Exercise prompt: Wherever a line in the records below contains "Moissanite", copy that line.

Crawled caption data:
- - -

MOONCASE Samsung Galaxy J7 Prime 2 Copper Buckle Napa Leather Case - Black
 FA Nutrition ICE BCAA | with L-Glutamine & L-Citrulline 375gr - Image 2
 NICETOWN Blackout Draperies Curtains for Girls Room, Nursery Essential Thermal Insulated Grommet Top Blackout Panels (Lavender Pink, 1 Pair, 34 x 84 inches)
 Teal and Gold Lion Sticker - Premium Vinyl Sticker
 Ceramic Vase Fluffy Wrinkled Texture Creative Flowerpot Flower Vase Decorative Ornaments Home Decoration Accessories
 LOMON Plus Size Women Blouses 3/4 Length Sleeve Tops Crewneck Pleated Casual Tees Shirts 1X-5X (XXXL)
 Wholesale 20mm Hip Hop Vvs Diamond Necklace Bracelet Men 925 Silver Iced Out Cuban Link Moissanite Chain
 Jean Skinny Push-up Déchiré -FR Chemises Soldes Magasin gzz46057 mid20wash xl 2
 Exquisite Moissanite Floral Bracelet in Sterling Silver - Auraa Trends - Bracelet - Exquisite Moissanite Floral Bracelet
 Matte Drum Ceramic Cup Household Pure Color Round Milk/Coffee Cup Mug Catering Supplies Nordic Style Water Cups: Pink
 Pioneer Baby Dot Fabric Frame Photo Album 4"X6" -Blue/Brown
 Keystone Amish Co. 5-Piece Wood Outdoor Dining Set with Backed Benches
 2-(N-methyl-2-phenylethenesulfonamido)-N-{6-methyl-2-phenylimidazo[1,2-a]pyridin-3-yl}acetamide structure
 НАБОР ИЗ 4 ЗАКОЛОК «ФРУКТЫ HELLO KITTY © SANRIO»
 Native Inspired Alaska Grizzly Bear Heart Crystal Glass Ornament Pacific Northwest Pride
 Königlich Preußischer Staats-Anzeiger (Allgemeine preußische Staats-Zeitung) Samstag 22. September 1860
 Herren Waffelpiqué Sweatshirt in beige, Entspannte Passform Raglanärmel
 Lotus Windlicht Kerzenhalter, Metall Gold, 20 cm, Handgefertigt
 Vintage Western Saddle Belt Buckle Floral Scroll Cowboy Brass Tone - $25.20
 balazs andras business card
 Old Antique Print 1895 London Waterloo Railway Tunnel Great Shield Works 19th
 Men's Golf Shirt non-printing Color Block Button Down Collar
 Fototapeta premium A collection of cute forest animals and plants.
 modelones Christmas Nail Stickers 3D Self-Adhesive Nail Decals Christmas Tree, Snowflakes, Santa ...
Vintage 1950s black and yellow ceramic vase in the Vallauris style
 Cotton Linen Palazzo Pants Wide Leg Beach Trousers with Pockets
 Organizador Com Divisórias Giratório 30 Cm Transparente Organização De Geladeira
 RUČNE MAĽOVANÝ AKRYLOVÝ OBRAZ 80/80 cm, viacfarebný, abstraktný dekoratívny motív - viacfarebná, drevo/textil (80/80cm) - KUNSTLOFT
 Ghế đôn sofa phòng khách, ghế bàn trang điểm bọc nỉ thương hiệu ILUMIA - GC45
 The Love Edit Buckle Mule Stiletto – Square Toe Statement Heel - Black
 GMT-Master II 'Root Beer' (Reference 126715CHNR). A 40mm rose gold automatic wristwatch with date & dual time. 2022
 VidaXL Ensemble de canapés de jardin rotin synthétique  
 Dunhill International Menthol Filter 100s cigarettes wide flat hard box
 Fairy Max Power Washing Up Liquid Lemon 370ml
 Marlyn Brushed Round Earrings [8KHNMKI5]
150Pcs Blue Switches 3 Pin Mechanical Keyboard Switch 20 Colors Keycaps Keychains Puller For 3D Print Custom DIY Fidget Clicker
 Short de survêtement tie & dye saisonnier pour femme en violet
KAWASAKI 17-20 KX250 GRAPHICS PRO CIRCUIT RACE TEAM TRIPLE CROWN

- - -

Written answer:
 Wholesale 20mm Hip Hop Vvs Diamond Necklace Bracelet Men 925 Silver Iced Out Cuban Link Moissanite Chain
 Exquisite Moissanite Floral Bracelet in Sterling Silver - Auraa Trends - Bracelet - Exquisite Moissanite Floral Bracelet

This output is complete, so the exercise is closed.